**Problem to solve**
Write every line of the material again exactly, with no pictures in the copy.

**Collected material**

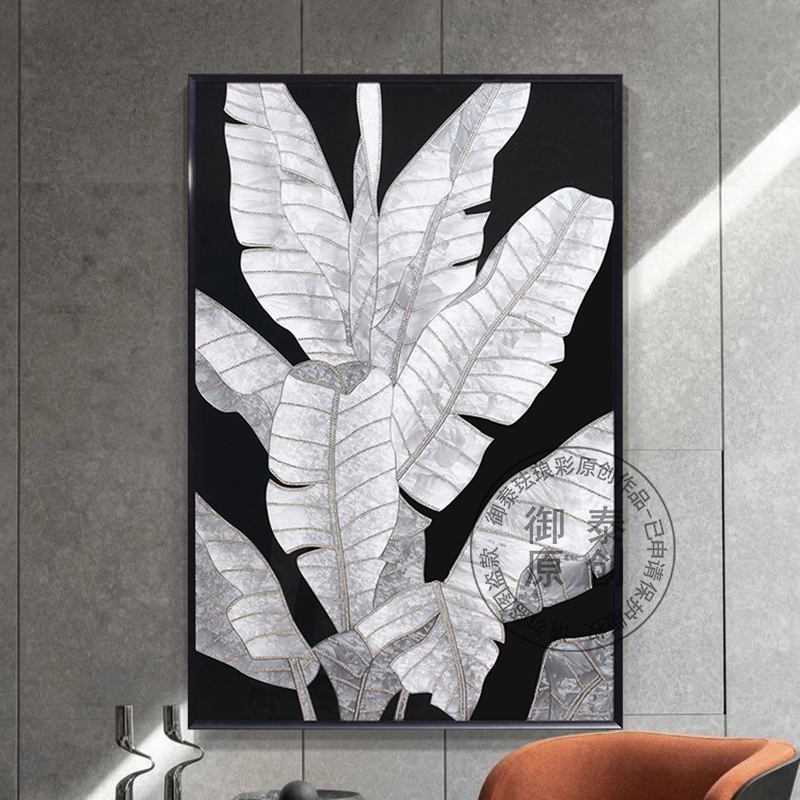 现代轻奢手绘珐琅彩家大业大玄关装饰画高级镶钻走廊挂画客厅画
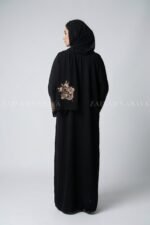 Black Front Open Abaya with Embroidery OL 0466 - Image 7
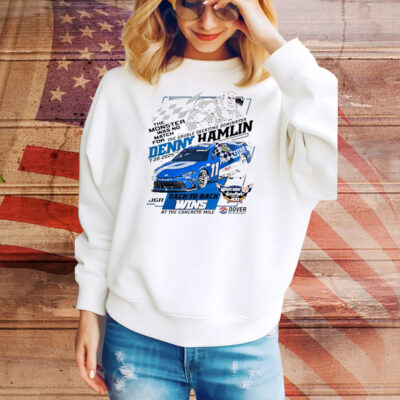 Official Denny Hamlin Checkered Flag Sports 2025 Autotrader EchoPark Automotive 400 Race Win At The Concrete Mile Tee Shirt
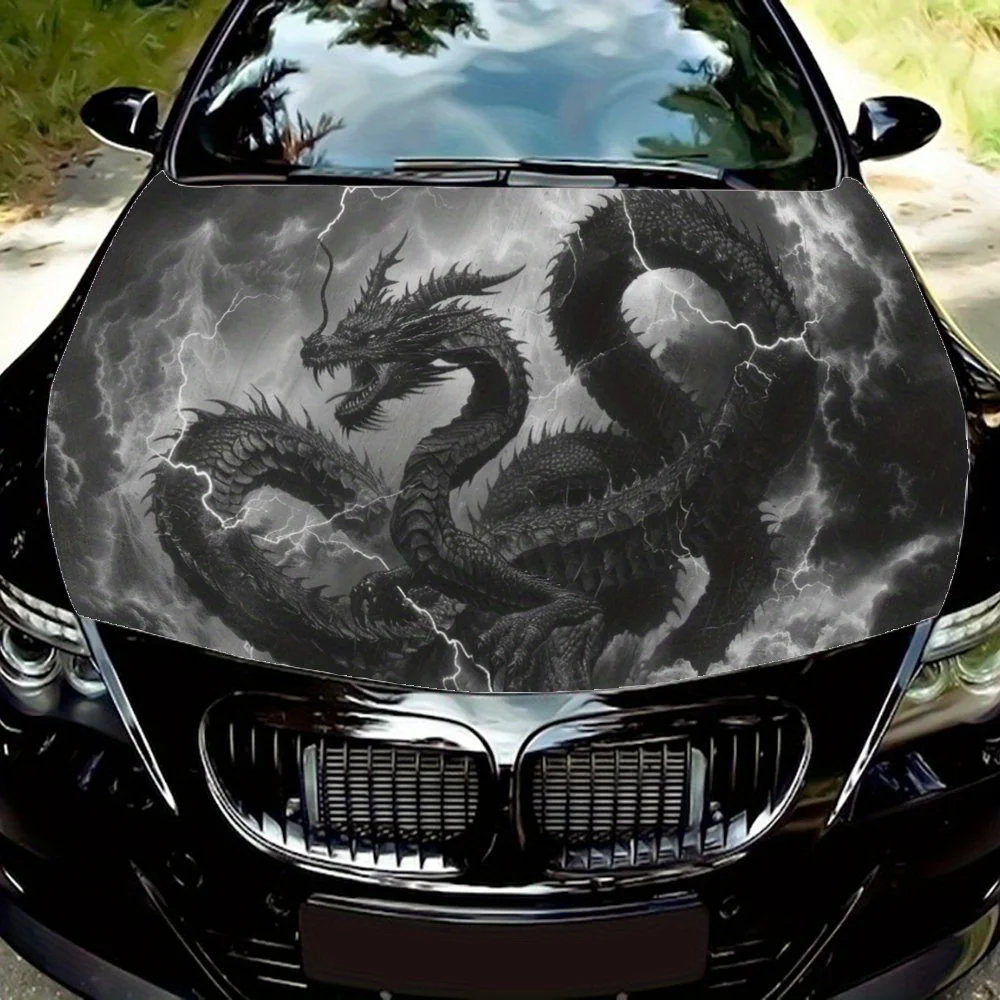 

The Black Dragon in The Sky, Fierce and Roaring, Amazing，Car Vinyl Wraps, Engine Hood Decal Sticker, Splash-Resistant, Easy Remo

**Answer for the task**
 现代轻奢手绘珐琅彩家大业大玄关装饰画高级镶钻走廊挂画客厅画
 Black Front Open Abaya with Embroidery OL 0466 - Image 7
 Official Denny Hamlin Checkered Flag Sports 2025 Autotrader EchoPark Automotive 400 Race Win At The Concrete Mile Tee Shirt

The Black Dragon in The Sky, Fierce and Roaring, Amazing，Car Vinyl Wraps, Engine Hood Decal Sticker, Splash-Resistant, Easy Remo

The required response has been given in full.